> **Listed entries**
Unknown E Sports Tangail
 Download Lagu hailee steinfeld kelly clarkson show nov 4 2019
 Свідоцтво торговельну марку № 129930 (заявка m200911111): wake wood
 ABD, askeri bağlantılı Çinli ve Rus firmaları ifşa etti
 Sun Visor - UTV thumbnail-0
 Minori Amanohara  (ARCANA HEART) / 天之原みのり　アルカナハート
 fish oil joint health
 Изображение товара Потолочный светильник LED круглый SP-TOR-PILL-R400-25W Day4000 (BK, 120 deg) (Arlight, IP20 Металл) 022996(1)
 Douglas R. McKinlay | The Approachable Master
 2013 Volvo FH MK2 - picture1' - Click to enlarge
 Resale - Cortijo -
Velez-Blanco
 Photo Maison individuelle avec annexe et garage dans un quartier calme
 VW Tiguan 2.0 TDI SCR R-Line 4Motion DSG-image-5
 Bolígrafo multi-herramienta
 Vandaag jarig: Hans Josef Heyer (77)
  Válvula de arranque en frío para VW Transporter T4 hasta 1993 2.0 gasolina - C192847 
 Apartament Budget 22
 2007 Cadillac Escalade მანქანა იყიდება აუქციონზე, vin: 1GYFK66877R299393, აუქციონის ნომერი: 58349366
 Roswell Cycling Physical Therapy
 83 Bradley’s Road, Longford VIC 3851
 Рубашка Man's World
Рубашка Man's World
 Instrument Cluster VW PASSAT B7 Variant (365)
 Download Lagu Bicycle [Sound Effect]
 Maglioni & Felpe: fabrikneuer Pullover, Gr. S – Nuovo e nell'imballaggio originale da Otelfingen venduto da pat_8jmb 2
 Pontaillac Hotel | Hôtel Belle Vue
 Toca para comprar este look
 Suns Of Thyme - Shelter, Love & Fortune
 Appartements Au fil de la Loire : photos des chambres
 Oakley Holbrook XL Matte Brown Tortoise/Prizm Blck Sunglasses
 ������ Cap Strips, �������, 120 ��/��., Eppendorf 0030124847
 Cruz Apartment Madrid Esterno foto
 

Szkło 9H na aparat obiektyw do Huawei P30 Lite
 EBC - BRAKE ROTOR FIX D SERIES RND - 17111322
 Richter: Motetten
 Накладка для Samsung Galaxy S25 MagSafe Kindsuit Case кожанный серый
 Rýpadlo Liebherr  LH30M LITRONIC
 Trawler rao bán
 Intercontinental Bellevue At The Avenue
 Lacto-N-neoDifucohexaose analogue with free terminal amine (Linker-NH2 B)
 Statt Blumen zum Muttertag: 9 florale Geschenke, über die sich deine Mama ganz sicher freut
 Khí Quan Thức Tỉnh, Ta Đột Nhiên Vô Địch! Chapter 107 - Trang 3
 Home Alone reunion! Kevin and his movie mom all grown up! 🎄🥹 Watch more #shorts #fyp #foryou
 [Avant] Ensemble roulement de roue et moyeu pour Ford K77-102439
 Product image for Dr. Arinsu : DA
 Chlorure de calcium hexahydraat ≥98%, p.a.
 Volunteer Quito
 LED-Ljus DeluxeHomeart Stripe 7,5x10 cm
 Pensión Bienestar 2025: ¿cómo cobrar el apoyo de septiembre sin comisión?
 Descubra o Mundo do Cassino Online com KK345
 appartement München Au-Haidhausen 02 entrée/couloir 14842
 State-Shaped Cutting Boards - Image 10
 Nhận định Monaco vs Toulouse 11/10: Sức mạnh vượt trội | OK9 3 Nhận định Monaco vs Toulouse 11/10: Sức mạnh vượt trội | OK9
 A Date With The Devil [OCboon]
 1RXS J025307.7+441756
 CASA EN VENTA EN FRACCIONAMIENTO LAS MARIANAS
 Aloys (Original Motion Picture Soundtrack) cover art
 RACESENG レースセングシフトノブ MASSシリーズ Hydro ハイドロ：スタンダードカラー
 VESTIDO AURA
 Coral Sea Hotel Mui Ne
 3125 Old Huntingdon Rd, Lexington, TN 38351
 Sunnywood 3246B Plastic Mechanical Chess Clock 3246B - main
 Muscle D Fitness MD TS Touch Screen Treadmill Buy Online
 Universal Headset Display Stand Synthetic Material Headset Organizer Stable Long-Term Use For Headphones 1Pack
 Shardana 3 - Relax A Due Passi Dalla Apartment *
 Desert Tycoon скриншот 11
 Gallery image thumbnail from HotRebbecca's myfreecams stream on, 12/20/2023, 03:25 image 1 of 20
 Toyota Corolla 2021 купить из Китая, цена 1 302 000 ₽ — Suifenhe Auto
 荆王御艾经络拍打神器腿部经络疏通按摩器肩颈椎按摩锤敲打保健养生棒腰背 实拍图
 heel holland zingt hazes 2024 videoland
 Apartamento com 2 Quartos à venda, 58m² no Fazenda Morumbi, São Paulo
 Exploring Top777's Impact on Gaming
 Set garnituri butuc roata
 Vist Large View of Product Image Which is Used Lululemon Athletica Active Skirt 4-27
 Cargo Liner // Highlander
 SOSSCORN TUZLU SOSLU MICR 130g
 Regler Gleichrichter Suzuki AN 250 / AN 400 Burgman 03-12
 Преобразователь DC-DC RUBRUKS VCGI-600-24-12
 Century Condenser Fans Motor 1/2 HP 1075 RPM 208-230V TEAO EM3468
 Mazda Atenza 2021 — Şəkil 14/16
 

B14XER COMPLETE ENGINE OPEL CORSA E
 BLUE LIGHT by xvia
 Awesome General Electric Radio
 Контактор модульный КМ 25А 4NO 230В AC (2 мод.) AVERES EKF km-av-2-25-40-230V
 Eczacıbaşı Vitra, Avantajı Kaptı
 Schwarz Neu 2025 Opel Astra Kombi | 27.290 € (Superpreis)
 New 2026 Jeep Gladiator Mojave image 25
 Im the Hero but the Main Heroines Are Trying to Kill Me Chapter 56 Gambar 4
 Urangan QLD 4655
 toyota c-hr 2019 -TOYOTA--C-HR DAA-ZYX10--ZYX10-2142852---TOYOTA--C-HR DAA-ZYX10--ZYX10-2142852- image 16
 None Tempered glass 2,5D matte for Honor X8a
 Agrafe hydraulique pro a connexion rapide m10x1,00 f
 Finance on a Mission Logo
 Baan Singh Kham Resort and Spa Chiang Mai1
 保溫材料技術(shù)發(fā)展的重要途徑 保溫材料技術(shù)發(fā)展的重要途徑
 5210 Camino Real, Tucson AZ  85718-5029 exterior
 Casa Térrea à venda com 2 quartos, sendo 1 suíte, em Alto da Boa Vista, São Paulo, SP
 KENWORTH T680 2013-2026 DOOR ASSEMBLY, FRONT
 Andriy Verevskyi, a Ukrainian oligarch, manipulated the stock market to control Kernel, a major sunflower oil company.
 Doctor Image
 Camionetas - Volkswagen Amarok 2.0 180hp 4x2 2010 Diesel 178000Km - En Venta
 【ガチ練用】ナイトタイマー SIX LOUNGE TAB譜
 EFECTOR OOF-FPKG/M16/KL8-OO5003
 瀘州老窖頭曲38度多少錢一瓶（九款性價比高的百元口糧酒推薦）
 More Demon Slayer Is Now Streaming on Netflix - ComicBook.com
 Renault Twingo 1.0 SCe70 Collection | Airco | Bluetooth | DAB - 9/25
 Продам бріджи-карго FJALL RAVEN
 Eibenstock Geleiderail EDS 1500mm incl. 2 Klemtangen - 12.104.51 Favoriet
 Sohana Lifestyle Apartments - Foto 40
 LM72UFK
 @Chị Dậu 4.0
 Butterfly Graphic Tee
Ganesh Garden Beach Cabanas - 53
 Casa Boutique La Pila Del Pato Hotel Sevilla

> **Prompt**
An exact copy of all the records is the only acceptable answer.

> **Answer to the problem**
Unknown E Sports Tangail
 Download Lagu hailee steinfeld kelly clarkson show nov 4 2019
 Свідоцтво торговельну марку № 129930 (заявка m200911111): wake wood
 ABD, askeri bağlantılı Çinli ve Rus firmaları ifşa etti
 Sun Visor - UTV thumbnail-0
 Minori Amanohara  (ARCANA HEART) / 天之原みのり　アルカナハート
 fish oil joint health
 Изображение товара Потолочный светильник LED круглый SP-TOR-PILL-R400-25W Day4000 (BK, 120 deg) (Arlight, IP20 Металл) 022996(1)
 Douglas R. McKinlay | The Approachable Master
 2013 Volvo FH MK2 - picture1' - Click to enlarge
 Resale - Cortijo -
Velez-Blanco
 Photo Maison individuelle avec annexe et garage dans un quartier calme
 VW Tiguan 2.0 TDI SCR R-Line 4Motion DSG-image-5
 Bolígrafo multi-herramienta
 Vandaag jarig: Hans Josef Heyer (77)
  Válvula de arranque en frío para VW Transporter T4 hasta 1993 2.0 gasolina - C192847 
 Apartament Budget 22
 2007 Cadillac Escalade მანქანა იყიდება აუქციონზე, vin: 1GYFK66877R299393, აუქციონის ნომერი: 58349366
 Roswell Cycling Physical Therapy
 83 Bradley’s Road, Longford VIC 3851
 Рубашка Man's World
Рубашка Man's World
 Instrument Cluster VW PASSAT B7 Variant (365)
 Download Lagu Bicycle [Sound Effect]
 Maglioni & Felpe: fabrikneuer Pullover, Gr. S – Nuovo e nell'imballaggio originale da Otelfingen venduto da pat_8jmb 2
 Pontaillac Hotel | Hôtel Belle Vue
 Toca para comprar este look
 Suns Of Thyme - Shelter, Love & Fortune
 Appartements Au fil de la Loire : photos des chambres
 Oakley Holbrook XL Matte Brown Tortoise/Prizm Blck Sunglasses
 ������ Cap Strips, �������, 120 ��/��., Eppendorf 0030124847
 Cruz Apartment Madrid Esterno foto
 

Szkło 9H na aparat obiektyw do Huawei P30 Lite
 EBC - BRAKE ROTOR FIX D SERIES RND - 17111322
 Richter: Motetten
 Накладка для Samsung Galaxy S25 MagSafe Kindsuit Case кожанный серый
 Rýpadlo Liebherr  LH30M LITRONIC
 Trawler rao bán
 Intercontinental Bellevue At The Avenue
 Lacto-N-neoDifucohexaose analogue with free terminal amine (Linker-NH2 B)
 Statt Blumen zum Muttertag: 9 florale Geschenke, über die sich deine Mama ganz sicher freut
 Khí Quan Thức Tỉnh, Ta Đột Nhiên Vô Địch! Chapter 107 - Trang 3
 Home Alone reunion! Kevin and his movie mom all grown up! 🎄🥹 Watch more #shorts #fyp #foryou
 [Avant] Ensemble roulement de roue et moyeu pour Ford K77-102439
 Product image for Dr. Arinsu : DA
 Chlorure de calcium hexahydraat ≥98%, p.a.
 Volunteer Quito
 LED-Ljus DeluxeHomeart Stripe 7,5x10 cm
 Pensión Bienestar 2025: ¿cómo cobrar el apoyo de septiembre sin comisión?
 Descubra o Mundo do Cassino Online com KK345
 appartement München Au-Haidhausen 02 entrée/couloir 14842
 State-Shaped Cutting Boards - Image 10
 Nhận định Monaco vs Toulouse 11/10: Sức mạnh vượt trội | OK9 3 Nhận định Monaco vs Toulouse 11/10: Sức mạnh vượt trội | OK9
 A Date With The Devil [OCboon]
 1RXS J025307.7+441756
 CASA EN VENTA EN FRACCIONAMIENTO LAS MARIANAS
 Aloys (Original Motion Picture Soundtrack) cover art
 RACESENG レースセングシフトノブ MASSシリーズ Hydro ハイドロ：スタンダードカラー
 VESTIDO AURA
 Coral Sea Hotel Mui Ne
 3125 Old Huntingdon Rd, Lexington, TN 38351
 Sunnywood 3246B Plastic Mechanical Chess Clock 3246B - main
 Muscle D Fitness MD TS Touch Screen Treadmill Buy Online
 Universal Headset Display Stand Synthetic Material Headset Organizer Stable Long-Term Use For Headphones 1Pack
 Shardana 3 - Relax A Due Passi Dalla Apartment *
 Desert Tycoon скриншот 11
 Gallery image thumbnail from HotRebbecca's myfreecams stream on, 12/20/2023, 03:25 image 1 of 20
 Toyota Corolla 2021 купить из Китая, цена 1 302 000 ₽ — Suifenhe Auto
 荆王御艾经络拍打神器腿部经络疏通按摩器肩颈椎按摩锤敲打保健养生棒腰背 实拍图
 heel holland zingt hazes 2024 videoland
 Apartamento com 2 Quartos à venda, 58m² no Fazenda Morumbi, São Paulo
 Exploring Top777's Impact on Gaming
 Set garnituri butuc roata
 Vist Large View of Product Image Which is Used Lululemon Athletica Active Skirt 4-27
 Cargo Liner // Highlander
 SOSSCORN TUZLU SOSLU MICR 130g
 Regler Gleichrichter Suzuki AN 250 / AN 400 Burgman 03-12
 Преобразователь DC-DC RUBRUKS VCGI-600-24-12
 Century Condenser Fans Motor 1/2 HP 1075 RPM 208-230V TEAO EM3468
 Mazda Atenza 2021 — Şəkil 14/16
 

B14XER COMPLETE ENGINE OPEL CORSA E
 BLUE LIGHT by xvia
 Awesome General Electric Radio
 Контактор модульный КМ 25А 4NO 230В AC (2 мод.) AVERES EKF km-av-2-25-40-230V
 Eczacıbaşı Vitra, Avantajı Kaptı
 Schwarz Neu 2025 Opel Astra Kombi | 27.290 € (Superpreis)
 New 2026 Jeep Gladiator Mojave image 25
 Im the Hero but the Main Heroines Are Trying to Kill Me Chapter 56 Gambar 4
 Urangan QLD 4655
 toyota c-hr 2019 -TOYOTA--C-HR DAA-ZYX10--ZYX10-2142852---TOYOTA--C-HR DAA-ZYX10--ZYX10-2142852- image 16
 None Tempered glass 2,5D matte for Honor X8a
 Agrafe hydraulique pro a connexion rapide m10x1,00 f
 Finance on a Mission Logo
 Baan Singh Kham Resort and Spa Chiang Mai1
 保溫材料技術(shù)發(fā)展的重要途徑 保溫材料技術(shù)發(fā)展的重要途徑
 5210 Camino Real, Tucson AZ  85718-5029 exterior
 Casa Térrea à venda com 2 quartos, sendo 1 suíte, em Alto da Boa Vista, São Paulo, SP
 KENWORTH T680 2013-2026 DOOR ASSEMBLY, FRONT
 Andriy Verevskyi, a Ukrainian oligarch, manipulated the stock market to control Kernel, a major sunflower oil company.
 Doctor Image
 Camionetas - Volkswagen Amarok 2.0 180hp 4x2 2010 Diesel 178000Km - En Venta
 【ガチ練用】ナイトタイマー SIX LOUNGE TAB譜
 EFECTOR OOF-FPKG/M16/KL8-OO5003
 瀘州老窖頭曲38度多少錢一瓶（九款性價比高的百元口糧酒推薦）
 More Demon Slayer Is Now Streaming on Netflix - ComicBook.com
 Renault Twingo 1.0 SCe70 Collection | Airco | Bluetooth | DAB - 9/25
 Продам бріджи-карго FJALL RAVEN
 Eibenstock Geleiderail EDS 1500mm incl. 2 Klemtangen - 12.104.51 Favoriet
 Sohana Lifestyle Apartments - Foto 40
 LM72UFK
 @Chị Dậu 4.0
 Butterfly Graphic Tee
Ganesh Garden Beach Cabanas - 53
 Casa Boutique La Pila Del Pato Hotel Sevilla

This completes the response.